While it is correct to say that the jury is still out on whether what Vince Cable means by a graduate tax will be progressive, it is clear to us at the National Union of Students (NUS) that it can, without question, be a very progressive way of funding higher education, and one that has some significant differences from the current tuition fee model.

The principle behind any graduate tax is simple -- you should be able to decide to study what you want to study, where you want to study it, without worrying about the different costs involved. You should then be able to choose to work, where you want to work, without worrying about having to pay back debts as quickly as possible. If you are subsequently able to contribute more towards your education, it is fair that you do so, while those that are not able to should not.

Under the present system, almost all students pay back the same "sticker price" (currently £3,225 a year), whereas a graduate tax would tax a percentage of their income. The system thus leaves a graduate who chooses to use their degree to become a careworker or a primary school teacher paying the same as someone who goes on to take a top job in the City.

Indeed, the current model actually leaves those who go in to more poorly paid jobs taking longer than others to repay their debts, thereby accruing interest on their debt over a longer period, and so paying more for earning less. This is fundamentally regressive -- as Vince Cable puts it, the current fixed sum acts as a higher education poll tax.

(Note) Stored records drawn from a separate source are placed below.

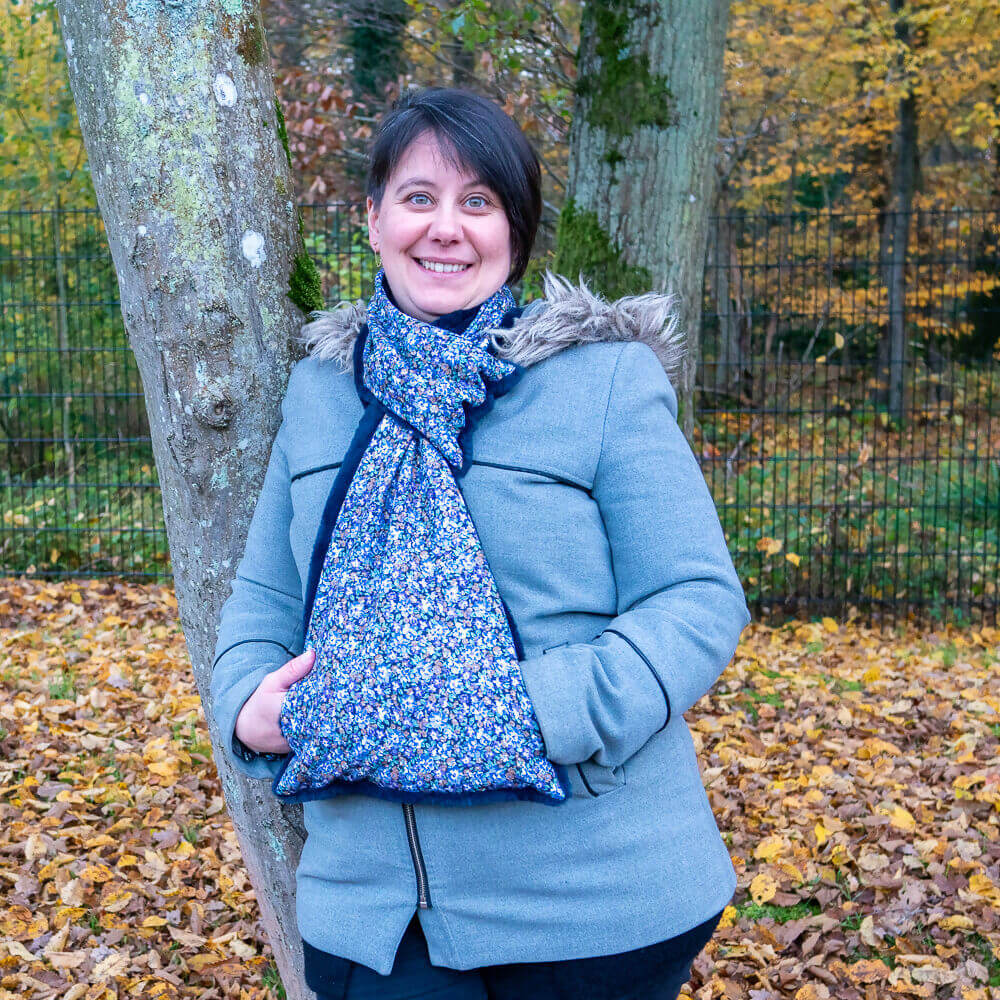 Femme souriante portant une écharpe avec manchon Baie rose, en pleine nature automnale.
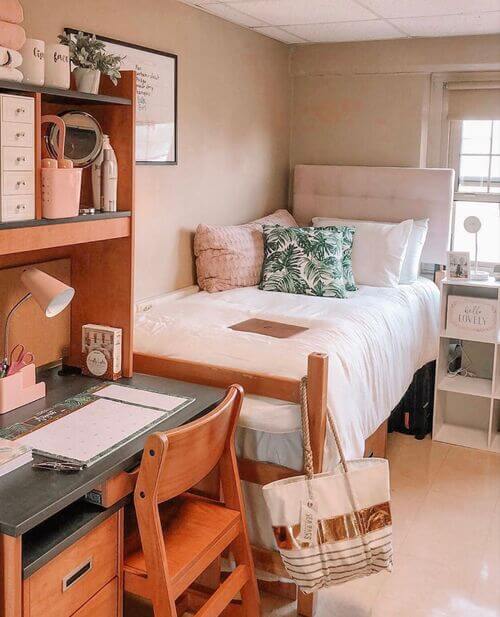 A rustic dorm room with wooden furniture, green accents, and a cozy desk area.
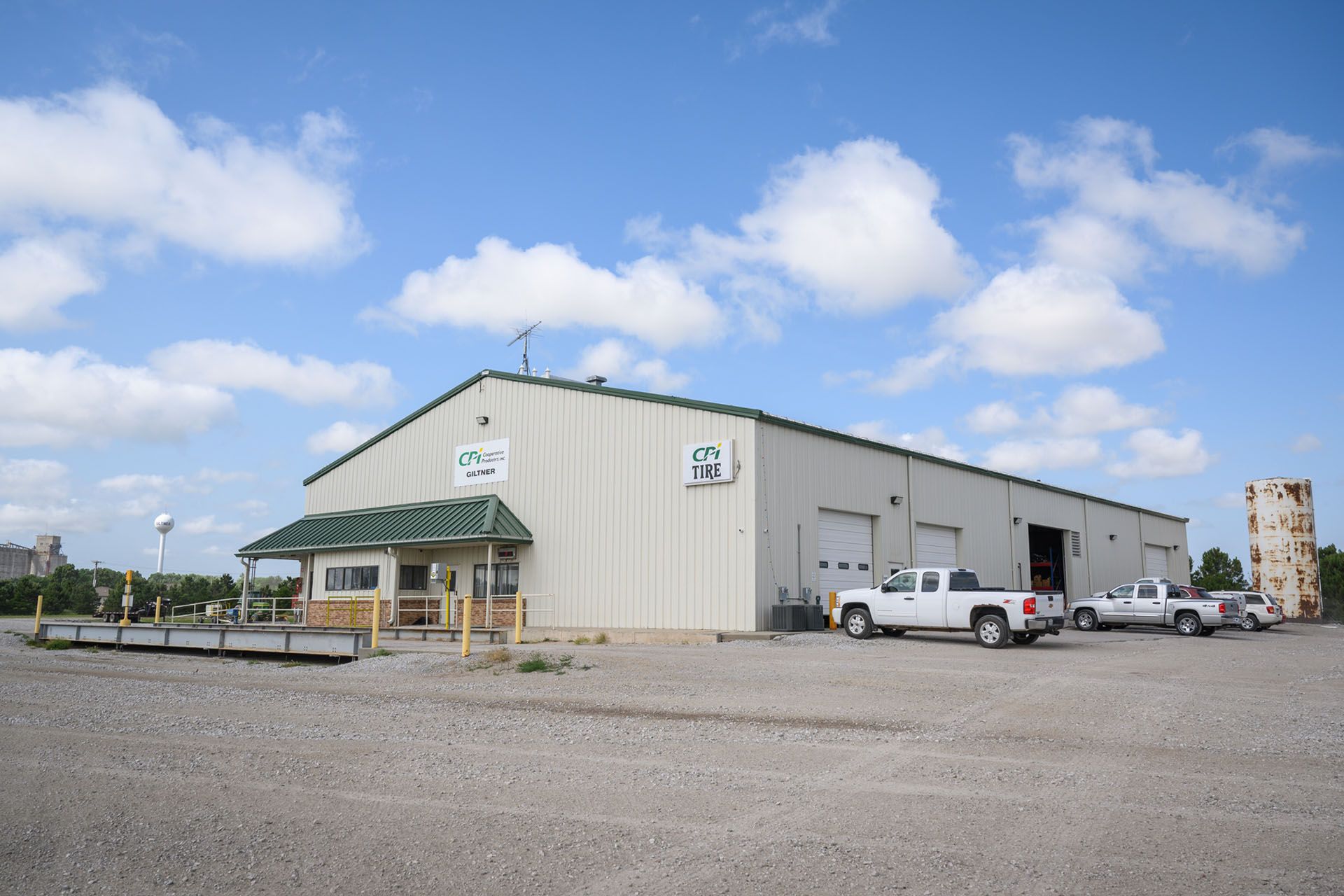 Large beige warehouse with loading dock, parked pickup trucks, and a gravel lot under a blue sky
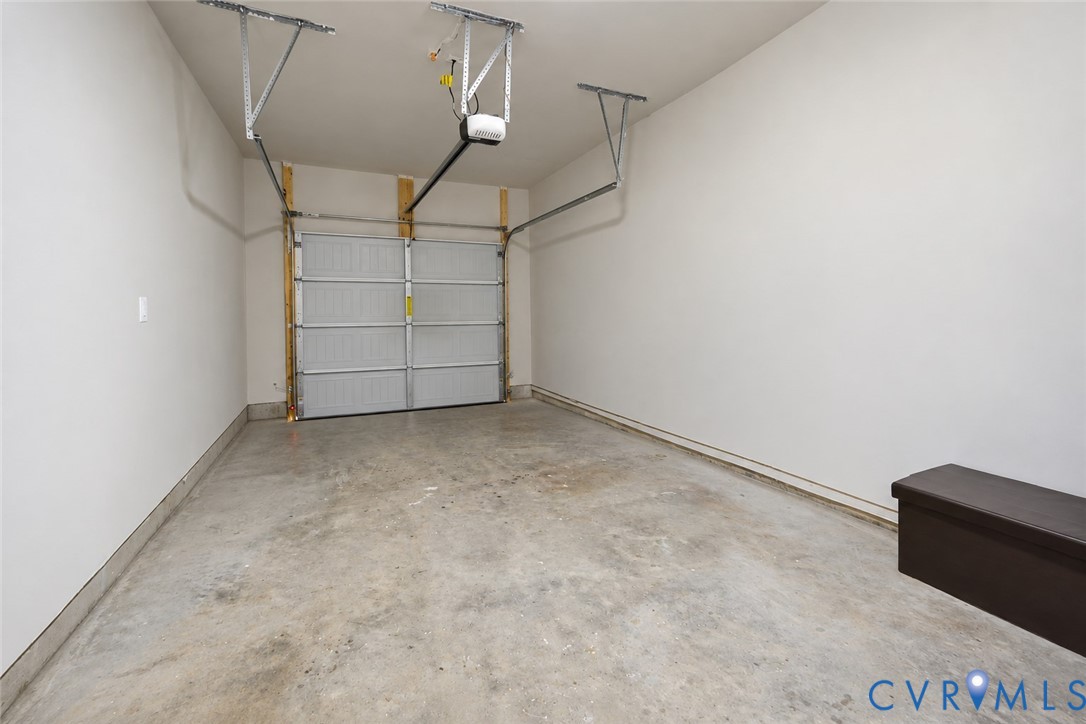 Enclosed garage featuring concrete flooring, white drywall, and a ceiling-mounted automatic door opener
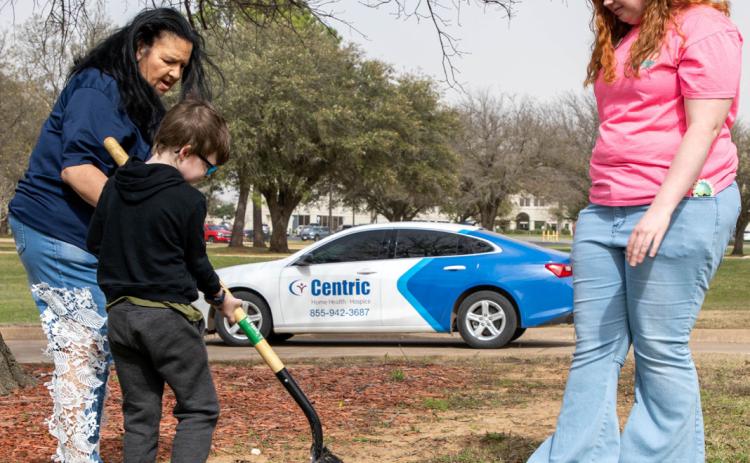 A time capsule was buried last Friday at Oxford Springs Durant assisted living center. Seven-year-old Zander Babb helped with the burial and also shown are his grandmother Lisa Gibson, left, who is a CNA and CMA at Oxford, and Kenley Hayes, life enrichment director of Oxford. Matt Swearengin | Durant Democrat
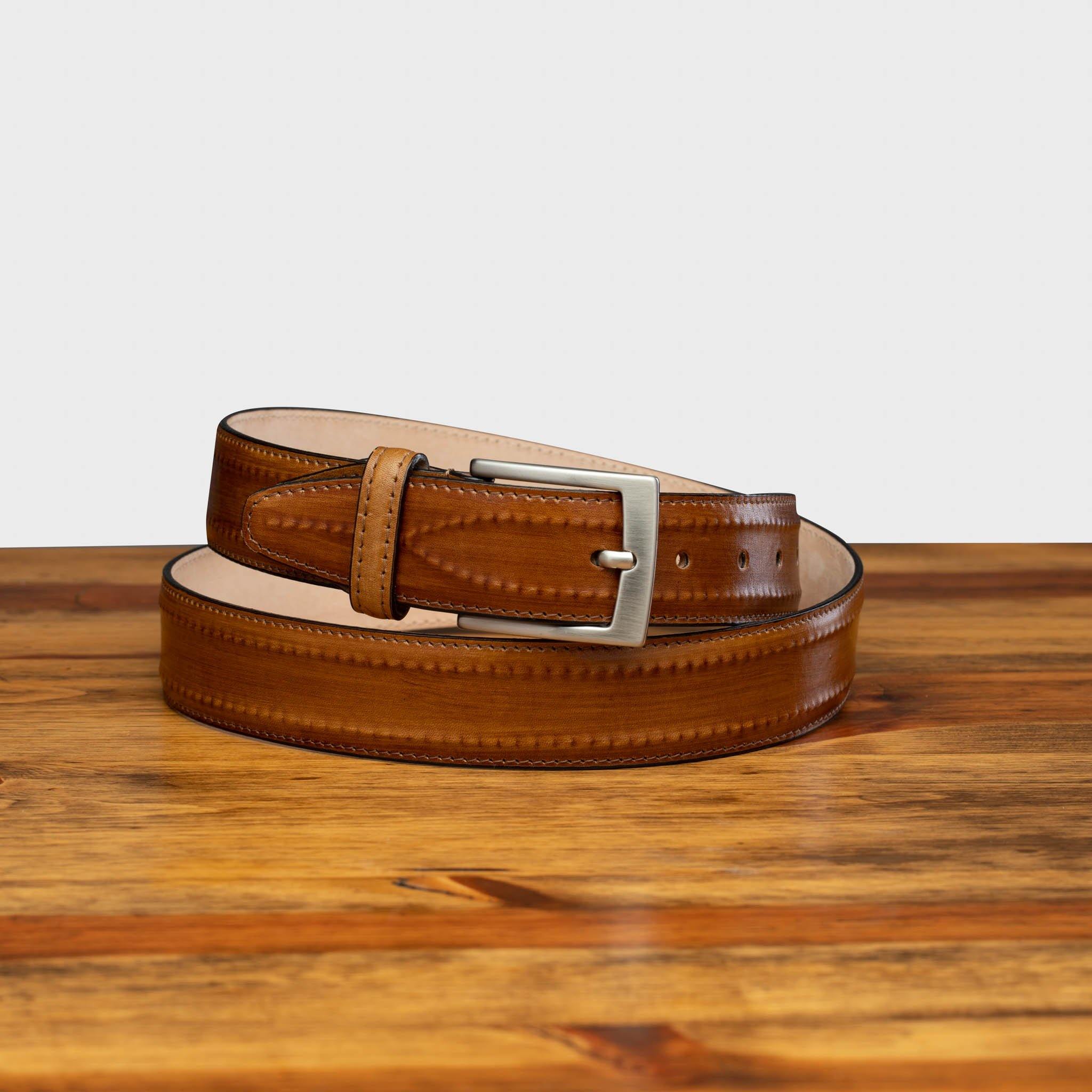Caramel leather belt with a silver buckle on a wooden surface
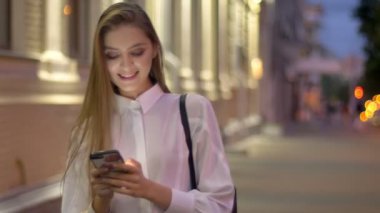 Genç çekici kız ileti onun Smartphone'da akşam yaz, gülüyor, iletişim kavramı yazmakta olduğunu.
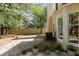View of the fenced backyard and side of the yellow house with an air conditioning unit at 5301 Northpines Dr, Raleigh, NC 27610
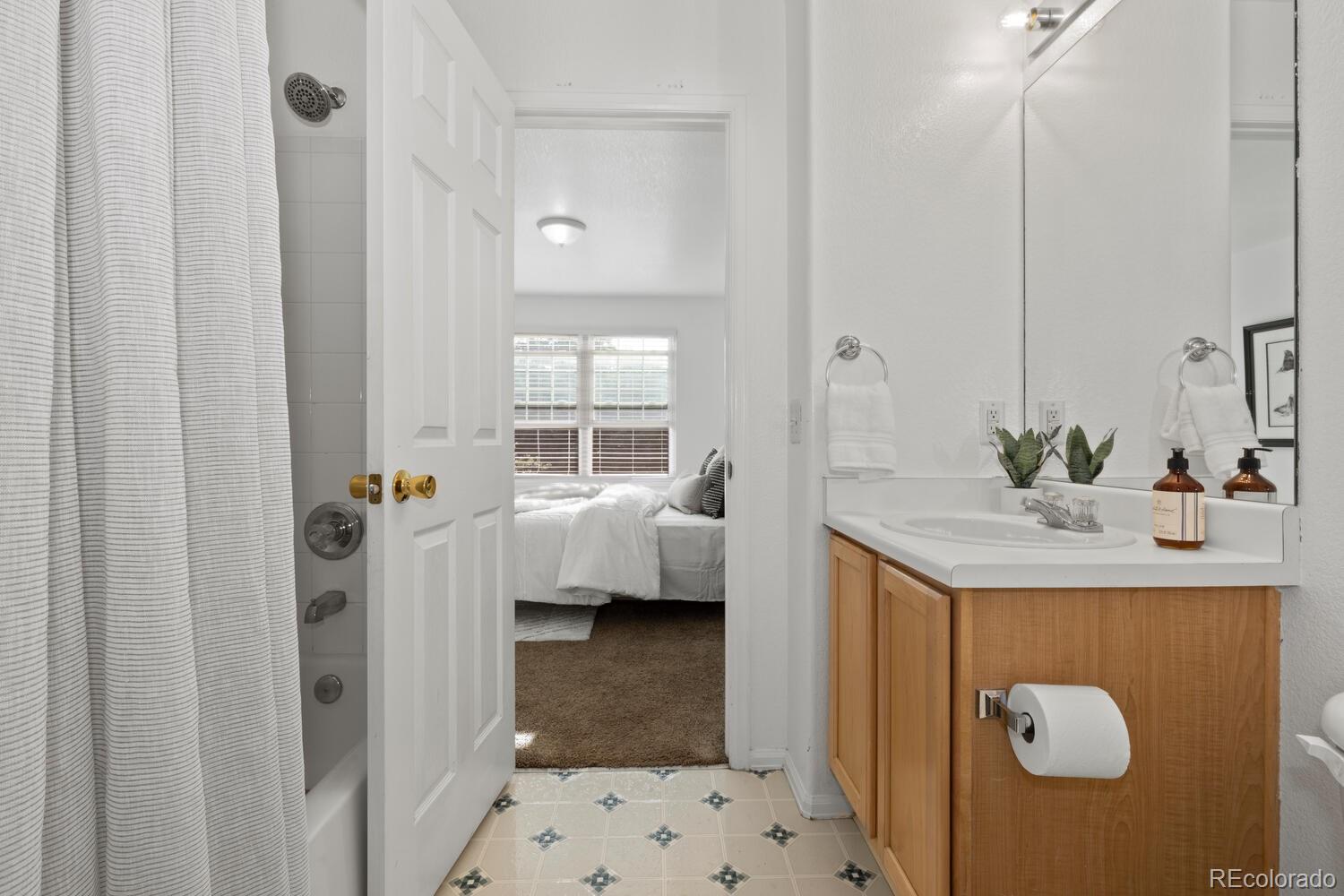 Bathroom with a light wood vanity and patterned tile floor, opening onto a bedroom.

A graduate tax need not go on indefinitely; many currently suggest a cut-off point of 20-25 years. Similarly, some people argue for the introduction of a maximum total contribution, beyond which contributions could stop.

We must also not forget that this debate is not about the virtues of a graduate tax over the current system of fees, but about a graduate tax as opposed to a move towards a market in fees -- a market in which certain universities or university courses would cost considerably more than others. This would be a disaster scenario, driving those most worried about debt away from the elite institutions and presitigious course, and introducing dangerous competition into a sector which is entirely unsuitable for marketisation.

What is most important now is ensuring that, having made some positive sounds, Vince Cable now supports the introduction of a genuinely progressive and fair graduate tax model, rather than this simply being a clever rebranding exercise.

Aaron Porter is the president of the National Union of Students. He studied English literature at the University of Leicester and served as a sabbatical officer at the students' union.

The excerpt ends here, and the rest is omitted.